Justine, foulant aux pieds résolument son premier amour, s’était élancée vers son rêve, qui était la fortune.
Elle eût réussi peut-être, si elle n’eût point consenti à devenir pour madame de Sainte-Croix une sorte de satellite. Celle-ci, en effet, douée d’une puissance d’absorption sans égale, ne laissait rien à ses associés.

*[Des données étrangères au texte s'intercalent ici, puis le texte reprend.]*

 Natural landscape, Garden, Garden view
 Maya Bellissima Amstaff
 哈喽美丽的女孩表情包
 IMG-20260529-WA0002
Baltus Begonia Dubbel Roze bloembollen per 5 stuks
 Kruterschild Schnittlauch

Il n’y avait guère que Garnier de Clérambault pour tirer son épingle du jeu avec une pareille commanditaire; encore...
Justine rendit gorge. Furieuse, elle voulut se venger. Madame de Sainte-Croix la brisa comme un jouet.
Justine, vaincue et la rage dans le cœur, essaya une seconde bataille. Elle usa de ruse. C’était peine perdue avec notre marquise. Justine alla de chute en chute heurter le seuil de Saint-Lazare.

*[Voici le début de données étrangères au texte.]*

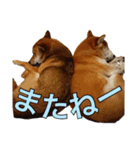 まめころのスタンプの巻（個別スタンプ：37）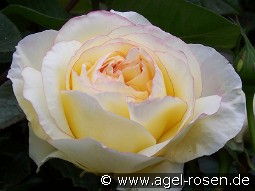 Mitsouko kaufen, click for more details Mitsouko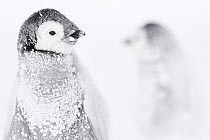 Emperor penguin (Aptenodytes forsteri) chicks in snow, Atka Bay, Queen Maud Land, Antarctica. October.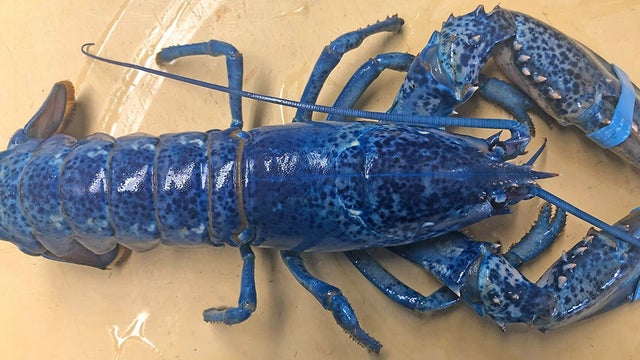 blue-lobster-cape.jpg 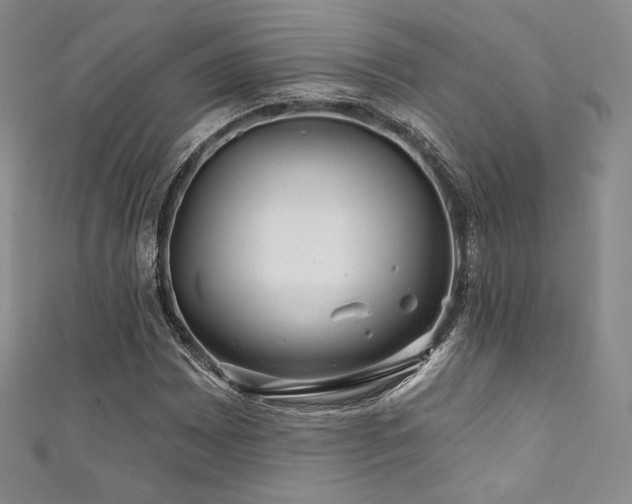 X0000111871065200907231508
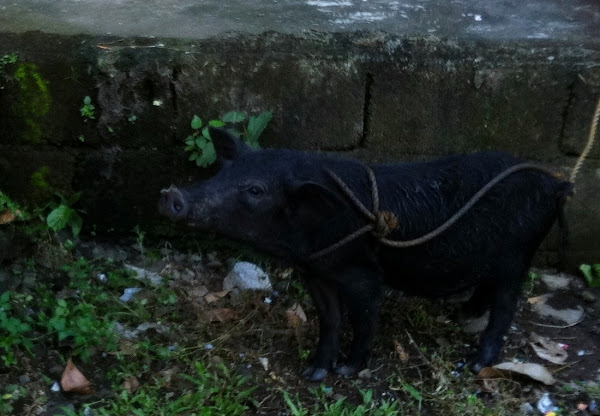 baboy ramo (wild pig) | Project Noah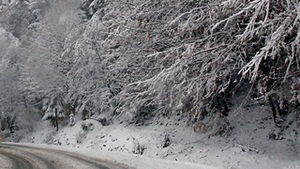 Traficul pe DN 67 D Baia de Arama - Herculane a fost inchis de teama avalanselor! Vezi pe unde nu poti circula azi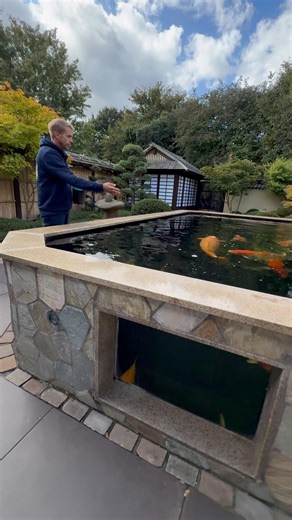 Jens 20.000l Koiteich im selbstgebauten Japangarten 😍🎋🎏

Du fond de ces abîmes, ordinairement, on ne peut nuire. Les voix qui sortent de là sont rarement écoutées; mais Justine avait pour un peu le même genre d’énergie que sa redoutable ennemie. Elle était forte pour le mal.
Ce fut Justine qui porta le premier coup à cette cuirasse sans défaut qui avait protégé si longtemps madame la marquise de Sainte-Croix,—et ce fut Justine qui causa la mort de M. le baron du Tresnoy.
Il y avait beaucoup de choses dans ce second cahier. On voyait que Justine avait espionné consciencieusement, quand elle était libre encore.
D’abord, le système de l’association de madame la marquise avec Garnier de Clérambault y était expliqué tout au long. Le mécanisme de ce piége, perpétuellement tendu au beau milieu de Paris pour prendre les riches dupes, était clairement dévoilé. Justine avait connu à madame de Sainte-Croix jusqu’à six nièces, et presque toutes avaient joué leur rôle un certain nombre de fois.